- [Work task]: Your answer must be exactly the lines from the one containing "Hotel Zion Glamping" through the end of the material, both ends included, without pictures.

- [Provided records]:
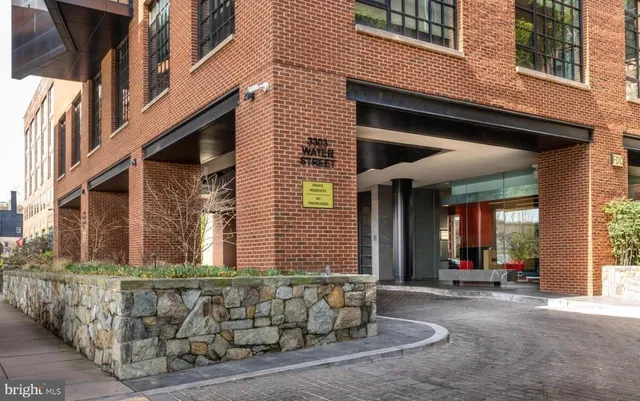 $8,350 | 3303 Water Street Northwest, Unit 3L, Washington, DC 20007
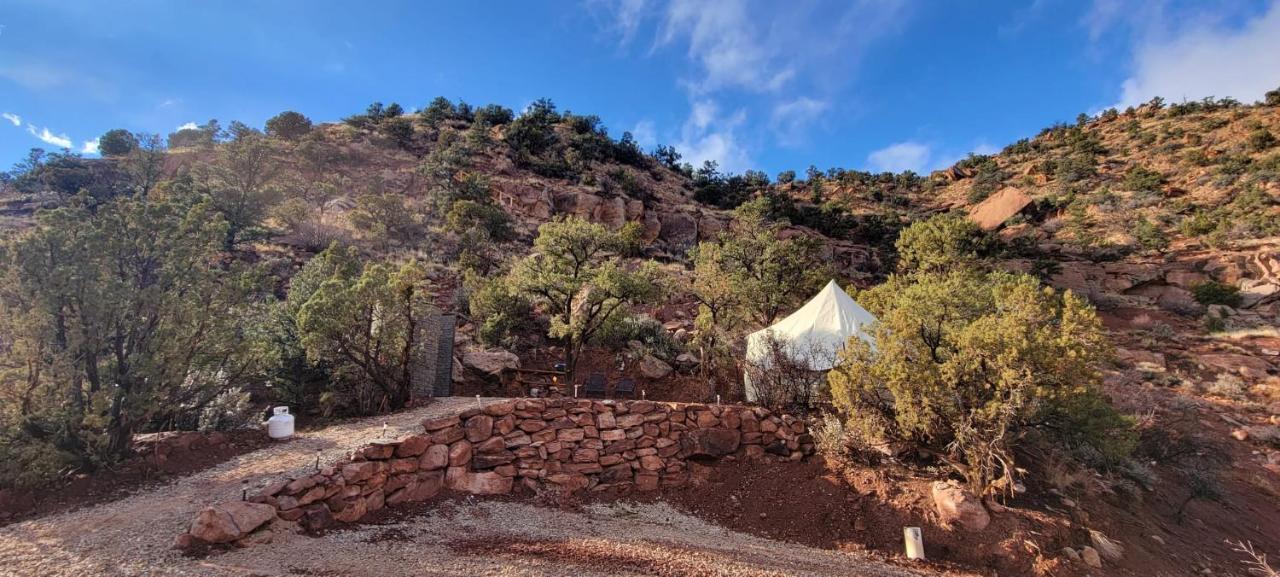 Hotel Zion Glamping Adventures Hildale Exteriér fotografie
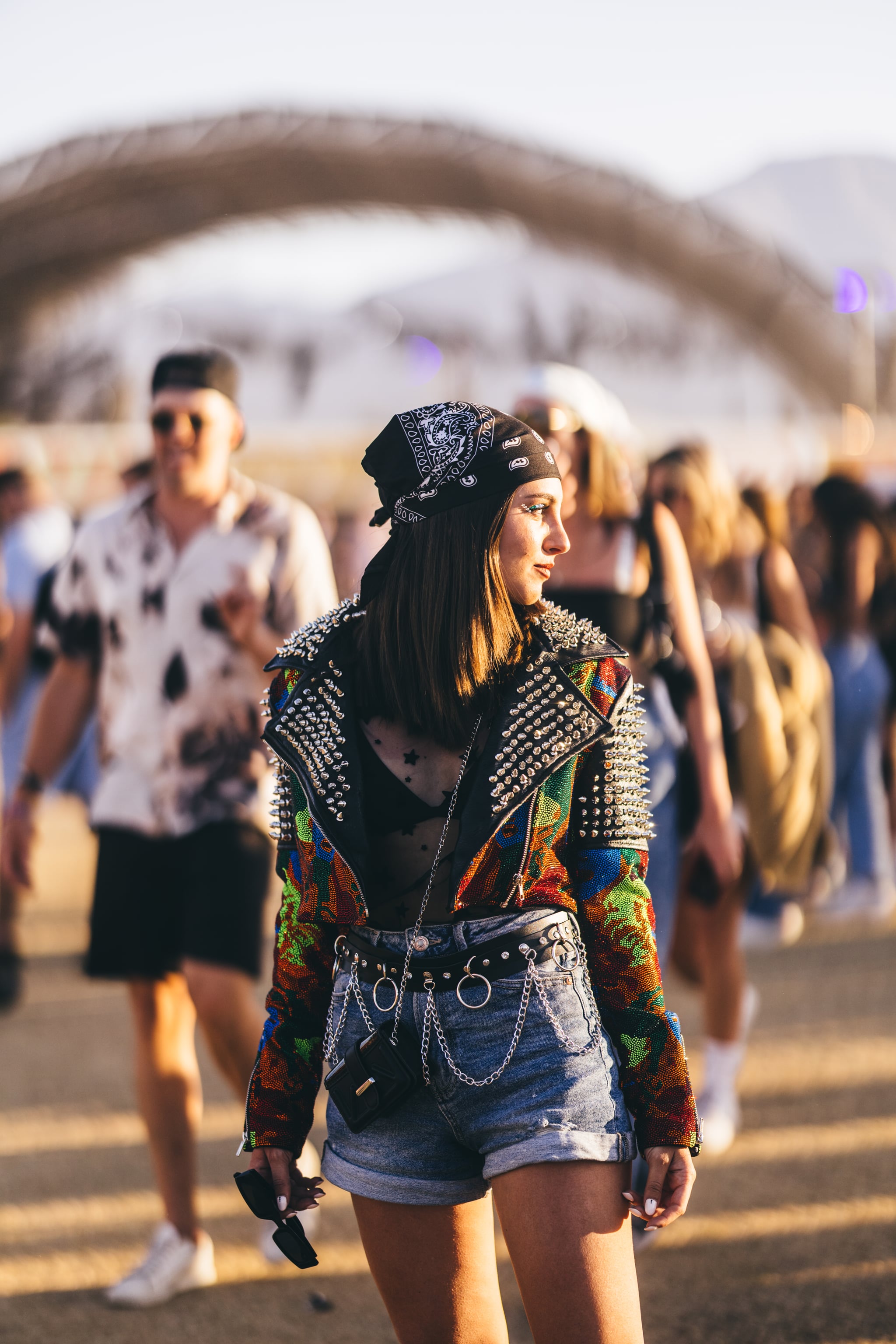 ACL Festival Outfits - It's All Chic to Me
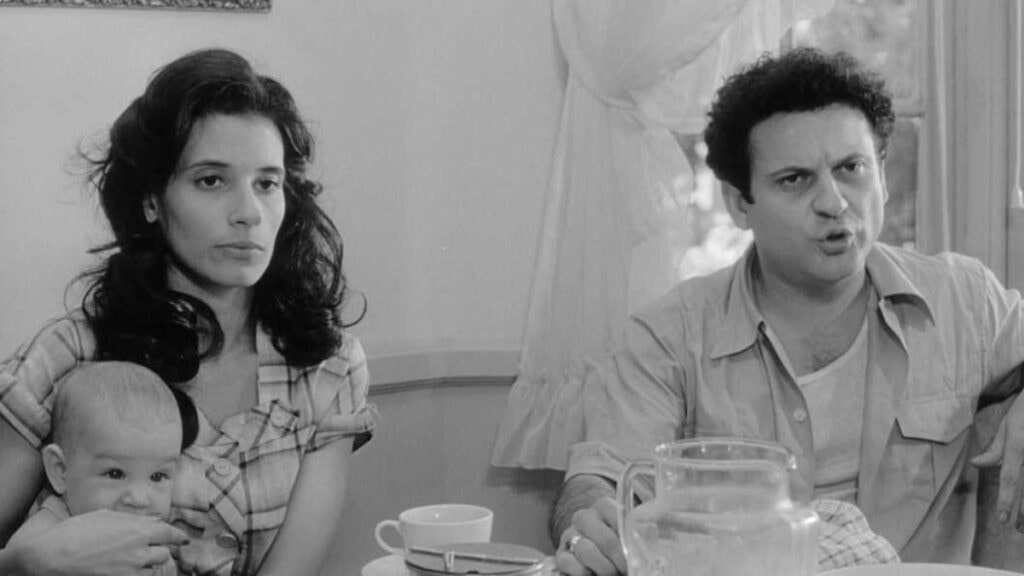 Theresa Saldana dans Raging Bull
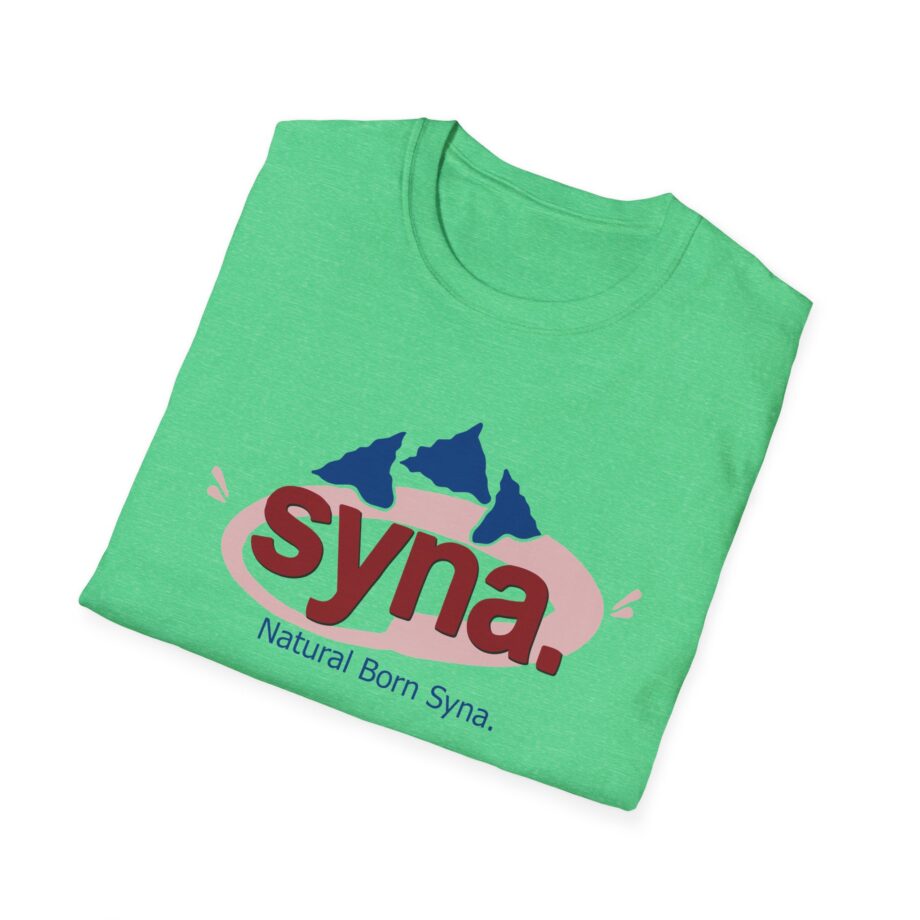 Central Cee Natural Bom Syna Unisex Softstyle T-Shirt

- [The completed task]:
 Hotel Zion Glamping Adventures Hildale Exteriér fotografie
 ACL Festival Outfits - It's All Chic to Me
 Theresa Saldana dans Raging Bull
 Central Cee Natural Bom Syna Unisex Softstyle T-Shirt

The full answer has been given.